Your issue with subset()
was only about the syntax for calling it with a logical column vector (its third arg, not its second). You can either use subset()
or plain logical indexing. The latter is recommended.
The help page ?subset
tells you its optional second arg ('subset') is a logical row-vector, and its optional third arg ('select') is a logical column-vector:
subset: logical expression indicating elements or rows to keep:
missing values are taken as false.
select: expression, indicating columns to select from a data frame.
So you want to call it with this logical column-vector:
> DF[nrow(DF),] == 50
[1] TRUE FALSE FALSE FALSE
There are two syntactical ways to leave subset()

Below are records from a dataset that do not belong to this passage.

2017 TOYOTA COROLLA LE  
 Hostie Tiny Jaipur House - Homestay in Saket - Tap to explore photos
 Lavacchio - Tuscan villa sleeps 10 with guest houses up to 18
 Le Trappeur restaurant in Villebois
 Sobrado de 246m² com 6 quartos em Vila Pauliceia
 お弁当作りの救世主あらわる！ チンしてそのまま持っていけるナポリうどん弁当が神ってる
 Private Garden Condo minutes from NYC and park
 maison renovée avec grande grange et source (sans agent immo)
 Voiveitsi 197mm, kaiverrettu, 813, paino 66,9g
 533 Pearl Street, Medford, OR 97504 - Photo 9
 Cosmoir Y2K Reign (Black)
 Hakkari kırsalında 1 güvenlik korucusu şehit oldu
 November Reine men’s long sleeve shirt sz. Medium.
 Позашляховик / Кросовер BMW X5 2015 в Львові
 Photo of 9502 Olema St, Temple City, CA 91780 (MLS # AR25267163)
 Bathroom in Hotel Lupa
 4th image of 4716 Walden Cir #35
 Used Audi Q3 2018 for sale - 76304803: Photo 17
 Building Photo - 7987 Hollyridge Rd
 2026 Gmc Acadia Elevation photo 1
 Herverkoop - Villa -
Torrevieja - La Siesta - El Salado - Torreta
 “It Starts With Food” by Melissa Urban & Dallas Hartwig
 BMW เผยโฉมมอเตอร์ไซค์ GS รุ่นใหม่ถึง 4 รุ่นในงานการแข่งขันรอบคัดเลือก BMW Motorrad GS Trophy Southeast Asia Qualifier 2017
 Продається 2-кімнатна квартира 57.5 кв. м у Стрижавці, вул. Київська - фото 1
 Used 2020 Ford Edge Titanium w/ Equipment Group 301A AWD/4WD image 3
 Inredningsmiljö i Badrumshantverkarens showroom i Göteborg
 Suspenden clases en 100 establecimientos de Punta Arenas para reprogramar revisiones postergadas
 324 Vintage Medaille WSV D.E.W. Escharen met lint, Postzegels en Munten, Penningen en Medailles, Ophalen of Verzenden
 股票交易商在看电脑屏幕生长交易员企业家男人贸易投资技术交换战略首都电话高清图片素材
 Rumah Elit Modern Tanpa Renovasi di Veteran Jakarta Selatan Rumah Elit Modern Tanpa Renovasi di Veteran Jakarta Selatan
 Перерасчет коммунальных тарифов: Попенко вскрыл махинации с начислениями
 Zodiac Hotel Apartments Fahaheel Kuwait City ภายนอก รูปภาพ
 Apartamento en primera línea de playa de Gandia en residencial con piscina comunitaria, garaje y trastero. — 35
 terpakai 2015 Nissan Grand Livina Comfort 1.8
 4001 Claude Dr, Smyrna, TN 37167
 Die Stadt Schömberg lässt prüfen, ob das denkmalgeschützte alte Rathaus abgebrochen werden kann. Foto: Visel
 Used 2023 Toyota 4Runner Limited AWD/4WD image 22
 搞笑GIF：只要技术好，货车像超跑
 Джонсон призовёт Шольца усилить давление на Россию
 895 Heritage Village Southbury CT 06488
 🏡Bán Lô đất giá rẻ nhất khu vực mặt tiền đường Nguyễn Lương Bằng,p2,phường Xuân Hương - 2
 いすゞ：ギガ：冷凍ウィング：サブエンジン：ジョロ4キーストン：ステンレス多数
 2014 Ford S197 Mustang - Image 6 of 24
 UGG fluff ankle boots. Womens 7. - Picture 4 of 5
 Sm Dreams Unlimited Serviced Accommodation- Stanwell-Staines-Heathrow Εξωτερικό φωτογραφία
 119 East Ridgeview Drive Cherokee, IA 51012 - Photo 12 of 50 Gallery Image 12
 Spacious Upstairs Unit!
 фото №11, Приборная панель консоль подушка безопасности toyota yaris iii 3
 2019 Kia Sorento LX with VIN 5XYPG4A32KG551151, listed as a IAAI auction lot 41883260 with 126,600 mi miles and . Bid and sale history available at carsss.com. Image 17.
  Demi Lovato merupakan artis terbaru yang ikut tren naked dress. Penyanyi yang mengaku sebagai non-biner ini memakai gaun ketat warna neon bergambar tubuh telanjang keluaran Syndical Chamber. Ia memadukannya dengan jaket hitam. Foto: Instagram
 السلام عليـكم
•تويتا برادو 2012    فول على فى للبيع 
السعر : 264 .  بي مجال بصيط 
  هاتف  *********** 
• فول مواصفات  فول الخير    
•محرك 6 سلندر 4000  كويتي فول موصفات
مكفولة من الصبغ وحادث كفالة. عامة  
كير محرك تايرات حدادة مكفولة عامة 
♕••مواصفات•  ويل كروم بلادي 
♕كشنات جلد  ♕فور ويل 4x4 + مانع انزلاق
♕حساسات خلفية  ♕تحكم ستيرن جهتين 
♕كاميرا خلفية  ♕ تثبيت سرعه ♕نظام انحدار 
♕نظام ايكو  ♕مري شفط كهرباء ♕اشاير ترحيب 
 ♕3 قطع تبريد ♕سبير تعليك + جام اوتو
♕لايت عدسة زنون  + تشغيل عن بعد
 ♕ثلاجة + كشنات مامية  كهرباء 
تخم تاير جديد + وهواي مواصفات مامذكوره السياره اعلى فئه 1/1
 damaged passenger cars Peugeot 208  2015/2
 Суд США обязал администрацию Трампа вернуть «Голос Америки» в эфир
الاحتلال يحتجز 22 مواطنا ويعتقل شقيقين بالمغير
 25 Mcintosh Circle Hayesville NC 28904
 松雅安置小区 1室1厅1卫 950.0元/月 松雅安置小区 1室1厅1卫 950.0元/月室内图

's second arg default and pass the third arg:
# Explicitly pass the third arg by name...
> subset(DF, select=(DF[nrow(DF),] == 50) )
# Leave 2nd arg empty, it will default (to NULL)...
> subset(DF, , (DF[nrow(DF),] == 50) )
[,1] [,2]
[1,] 10 50
[2,] 21 21
[3,] 11 30
[4,] 50 50
The second way is probably preferable as it looks like generic row,col-indexing, and also doesn't require you to know the third arg's name.
(As a mnemonic, in R and SQL terminology, understand that 'select' implicitly means 'column-indices', and 'filter'/'subset' implicitly means 'row-indices'. Or in data.table
terminology they're called i-indices, j-indices respectively.)